Where I believe we differ in opinion is that kids should be treated
differently--especially at a young age--because of this inequality. Different
skills develop over time, and although certainly we should have Advanced
Placement programs for those in high school, when talking about grade-
schoolers, I think that we should let skill first manifest.

Malcolm Gladwell's _Outliers_ had a pretty big impact in my formulation of
this opinion: small advantages, over time, turn into huge ones. What seems
like a minor issue at first can, through the course of a decade, become many
times compounded. This is why the Dutch school system does not separate
children into "advanced" and "slow" classes until they are at least ten years
old (forgive me if I'm misquoting the text).

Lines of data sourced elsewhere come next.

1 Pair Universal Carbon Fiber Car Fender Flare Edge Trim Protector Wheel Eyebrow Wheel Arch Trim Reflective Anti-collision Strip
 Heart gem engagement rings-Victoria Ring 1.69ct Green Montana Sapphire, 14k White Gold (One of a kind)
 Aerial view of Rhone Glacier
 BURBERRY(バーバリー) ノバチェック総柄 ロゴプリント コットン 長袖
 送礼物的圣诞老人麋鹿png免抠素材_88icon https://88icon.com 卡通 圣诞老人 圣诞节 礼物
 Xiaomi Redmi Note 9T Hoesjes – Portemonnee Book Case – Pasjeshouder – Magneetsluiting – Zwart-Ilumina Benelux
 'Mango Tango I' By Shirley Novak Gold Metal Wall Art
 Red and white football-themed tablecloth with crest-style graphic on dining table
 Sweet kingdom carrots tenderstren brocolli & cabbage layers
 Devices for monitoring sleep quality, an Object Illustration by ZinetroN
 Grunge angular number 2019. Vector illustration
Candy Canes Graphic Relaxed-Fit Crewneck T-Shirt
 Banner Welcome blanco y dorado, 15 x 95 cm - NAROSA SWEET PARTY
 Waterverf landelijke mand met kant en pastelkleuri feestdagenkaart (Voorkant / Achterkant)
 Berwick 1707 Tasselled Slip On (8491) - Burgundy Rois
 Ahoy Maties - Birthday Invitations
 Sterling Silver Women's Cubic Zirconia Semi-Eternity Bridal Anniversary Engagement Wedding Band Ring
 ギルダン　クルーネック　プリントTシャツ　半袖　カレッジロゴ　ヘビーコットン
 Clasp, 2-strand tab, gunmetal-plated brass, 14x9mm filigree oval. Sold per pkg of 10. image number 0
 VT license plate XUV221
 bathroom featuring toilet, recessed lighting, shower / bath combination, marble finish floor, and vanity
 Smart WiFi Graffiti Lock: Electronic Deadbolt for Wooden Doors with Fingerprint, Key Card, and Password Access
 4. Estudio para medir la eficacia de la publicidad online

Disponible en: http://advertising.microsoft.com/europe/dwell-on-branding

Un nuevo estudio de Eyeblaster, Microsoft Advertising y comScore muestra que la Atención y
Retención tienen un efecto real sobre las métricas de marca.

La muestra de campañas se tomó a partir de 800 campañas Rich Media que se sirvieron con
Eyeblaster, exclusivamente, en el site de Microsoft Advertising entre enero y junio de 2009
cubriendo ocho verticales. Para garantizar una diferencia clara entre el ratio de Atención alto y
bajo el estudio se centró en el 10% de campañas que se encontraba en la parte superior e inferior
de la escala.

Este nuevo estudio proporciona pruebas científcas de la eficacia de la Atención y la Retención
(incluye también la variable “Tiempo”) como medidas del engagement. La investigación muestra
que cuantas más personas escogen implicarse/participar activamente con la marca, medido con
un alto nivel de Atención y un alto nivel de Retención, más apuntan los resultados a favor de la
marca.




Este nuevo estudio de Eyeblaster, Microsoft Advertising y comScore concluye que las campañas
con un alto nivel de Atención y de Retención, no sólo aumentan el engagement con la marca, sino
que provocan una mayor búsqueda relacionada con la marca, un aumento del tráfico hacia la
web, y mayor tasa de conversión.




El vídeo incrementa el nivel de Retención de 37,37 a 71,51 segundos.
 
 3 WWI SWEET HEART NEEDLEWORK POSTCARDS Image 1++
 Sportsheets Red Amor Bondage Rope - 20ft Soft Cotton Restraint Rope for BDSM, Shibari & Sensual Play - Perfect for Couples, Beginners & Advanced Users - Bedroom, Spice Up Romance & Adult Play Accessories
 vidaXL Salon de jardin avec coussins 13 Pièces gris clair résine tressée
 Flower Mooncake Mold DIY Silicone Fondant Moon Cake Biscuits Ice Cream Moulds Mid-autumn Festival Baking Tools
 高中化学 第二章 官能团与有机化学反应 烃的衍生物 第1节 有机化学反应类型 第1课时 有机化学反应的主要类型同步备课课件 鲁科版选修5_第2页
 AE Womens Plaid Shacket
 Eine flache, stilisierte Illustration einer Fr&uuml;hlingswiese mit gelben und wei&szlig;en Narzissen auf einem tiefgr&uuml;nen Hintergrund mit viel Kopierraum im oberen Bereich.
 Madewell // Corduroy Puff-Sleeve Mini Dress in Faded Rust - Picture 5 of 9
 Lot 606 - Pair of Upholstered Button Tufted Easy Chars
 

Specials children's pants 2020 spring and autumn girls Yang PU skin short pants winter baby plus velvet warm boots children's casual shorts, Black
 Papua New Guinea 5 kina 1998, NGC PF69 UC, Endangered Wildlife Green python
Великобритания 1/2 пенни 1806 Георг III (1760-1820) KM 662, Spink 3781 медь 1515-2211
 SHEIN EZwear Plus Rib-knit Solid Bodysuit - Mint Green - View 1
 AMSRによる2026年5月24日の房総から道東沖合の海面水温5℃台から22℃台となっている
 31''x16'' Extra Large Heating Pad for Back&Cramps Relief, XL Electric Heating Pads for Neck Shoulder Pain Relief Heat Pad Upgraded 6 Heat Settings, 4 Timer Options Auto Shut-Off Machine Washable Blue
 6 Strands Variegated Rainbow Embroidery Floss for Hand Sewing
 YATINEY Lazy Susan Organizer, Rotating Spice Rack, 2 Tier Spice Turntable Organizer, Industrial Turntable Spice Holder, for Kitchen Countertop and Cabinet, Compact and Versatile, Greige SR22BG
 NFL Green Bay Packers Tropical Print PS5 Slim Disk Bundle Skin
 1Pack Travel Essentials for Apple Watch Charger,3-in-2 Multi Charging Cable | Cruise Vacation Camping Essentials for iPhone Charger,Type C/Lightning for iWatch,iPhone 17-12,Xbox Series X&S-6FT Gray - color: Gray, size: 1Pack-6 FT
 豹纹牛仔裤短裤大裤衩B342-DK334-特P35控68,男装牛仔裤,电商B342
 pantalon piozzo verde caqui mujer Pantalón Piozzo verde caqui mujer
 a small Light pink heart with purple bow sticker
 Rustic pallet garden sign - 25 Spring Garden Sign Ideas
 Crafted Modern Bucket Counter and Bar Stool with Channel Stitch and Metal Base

Getting a low score on a test, or needing to study for twelve hours instead of
six to get an A+, should not limit a child from being able to reach for
academic excellence. In the same token, however--and this is where I think
many schools fail--the smartest children should not be held back by the less
clever ones.

So, in my opinion, if it helps foster learning to build robots and rockets,
then all children should. If it's a cool part of an Advanced Placement class
that also requires significant knowledge of an advanced subject, sure, keep it
for the "smart kids." Let's just not condemn a child to failure because of a
bad test, or a bad school year when they're young.

------
amcintyre
Don't be silly--we won't be eliminating standardized tests any time soon. You
can't easily produce huge reports full of meaningless charts or fluff up
politicians' resumes with rockets and robots. Standardized tests produce
orderly, easily measured numbers that make for lots of easy bean counting.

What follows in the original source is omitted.